Working under the brand name Risk-As-A-Service, Gravitas would equip fund managers with the technology and staff needed to measure the impact of market events and trades across their portfolios. A key selling point: Clients could hand over those tasks to a single vendor.

Hedge funds routinely deliver complex reports on position, liquidity and counterparty risk to regulators, backers and their own investment committees. Because those parties often have vastly different ideas of what constitutes risk, however, managers sometimes hire separate service providers to generate the needed documents for each group.

Gravitas proposes to streamline the process, while taking advantage of a growing willingness among fund operators to farm out such functions to outside companies. “They are realizing some of these things are commodities. They don’t need to control everything,” Gravitas founder Jayesh Punater said.

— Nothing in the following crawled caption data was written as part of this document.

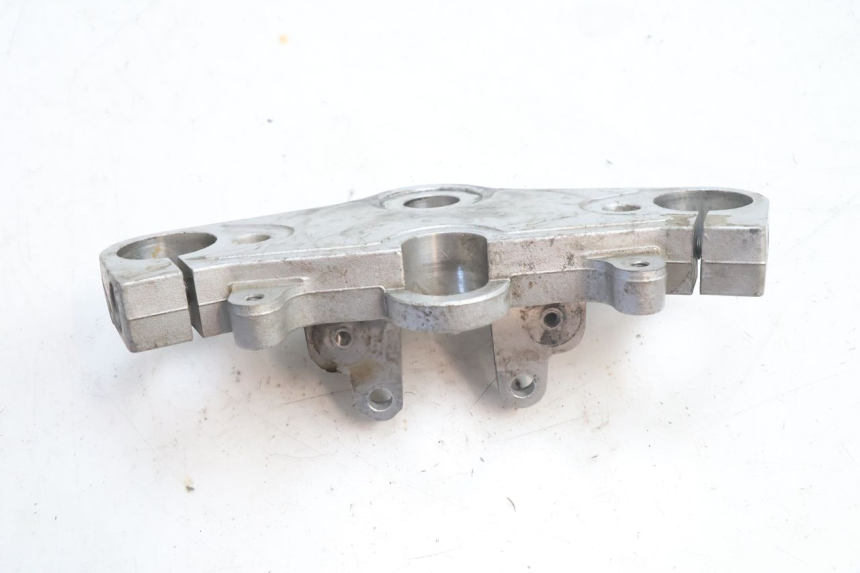 photo de UPPER FORK YOKE DAELIM VJ ROADWIN 125 (2004 - 2007) - Zoom on usage condition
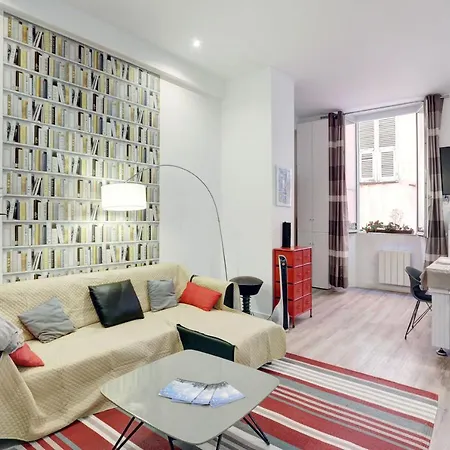 2 - F4 Spacieux Et Confortable Au Centre Du Vieux-nice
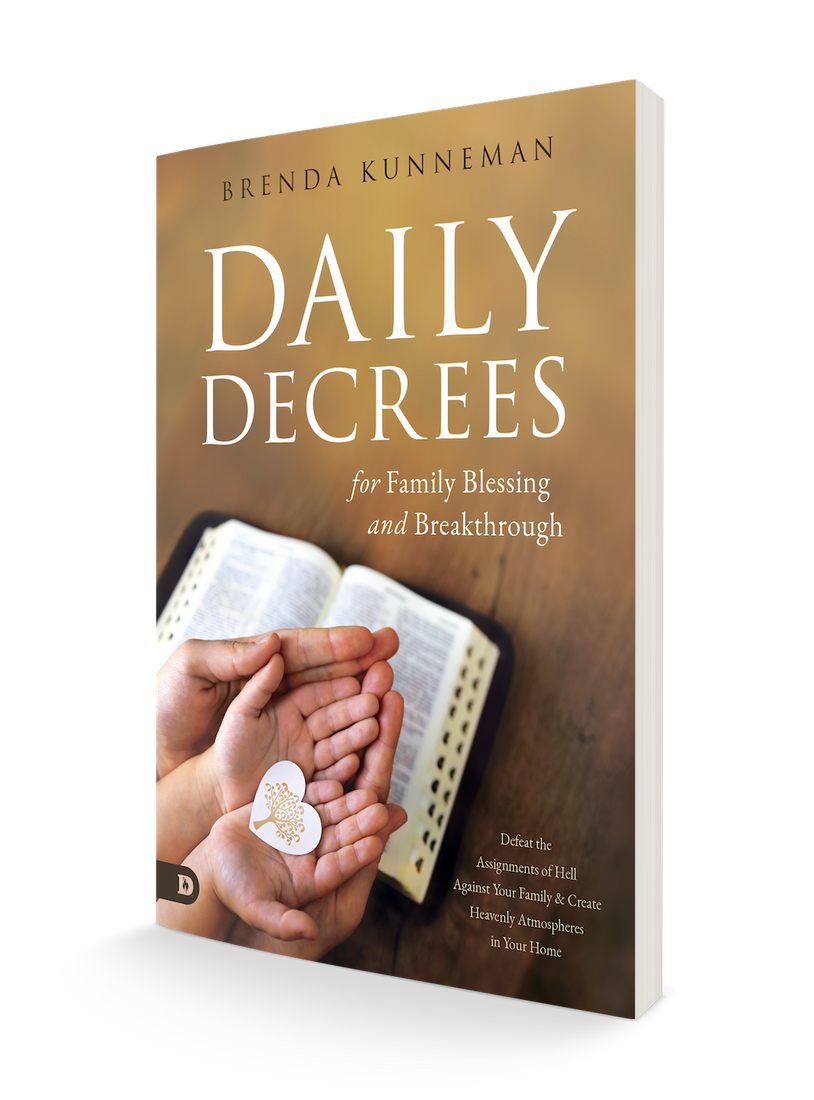 Daily Decrees for Family Blessing and Breakthrough: Defeat the Assignments of Hell Against Your Family and Create Heavenly Atmospheres in Your Home (Paperback)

Gravitas is best known for helping hedge funds set up and run information-technology systems. Its push into risk-management technology comes as regulators and institutional investors are increasingly demanding that managers implement high-quality infrastructures, even as backers also push for lower fees.

The firm is offering the service in conjunction with IBM Risk Analytics, a Web-based operation that gives investment specialists, traders and corporate treasurers on-demand access to tools for portfolio construction, risk management and reporting. IBM launched the business in 2011, following its $320 million acquisition of Toronto-based Algorithmics.

Punater founded Gravitas in 1996 with an initial focus on selling information-technology support to brokerage houses. The New York firm began to shift its focus to alternative-investment firms in 2004, immediately snaring a number of high-profile managers as clients.